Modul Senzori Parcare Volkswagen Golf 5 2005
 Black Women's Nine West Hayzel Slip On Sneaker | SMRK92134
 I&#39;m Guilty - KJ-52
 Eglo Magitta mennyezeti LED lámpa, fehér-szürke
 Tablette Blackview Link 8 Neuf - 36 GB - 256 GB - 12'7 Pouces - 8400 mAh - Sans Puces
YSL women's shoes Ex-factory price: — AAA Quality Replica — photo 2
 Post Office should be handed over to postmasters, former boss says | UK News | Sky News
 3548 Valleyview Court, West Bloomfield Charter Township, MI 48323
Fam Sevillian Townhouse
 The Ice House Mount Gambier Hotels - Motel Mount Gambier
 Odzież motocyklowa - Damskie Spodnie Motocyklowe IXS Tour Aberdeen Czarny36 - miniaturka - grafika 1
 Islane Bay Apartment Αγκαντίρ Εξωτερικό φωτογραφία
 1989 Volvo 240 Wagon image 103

- _YOUR TASK_: Which of the lines above carry the string "West"? Pick them out and copy them.

- _ANSWER TO THE PROBLEM_:
 Black Women's Nine West Hayzel Slip On Sneaker | SMRK92134
 3548 Valleyview Court, West Bloomfield Charter Township, MI 48323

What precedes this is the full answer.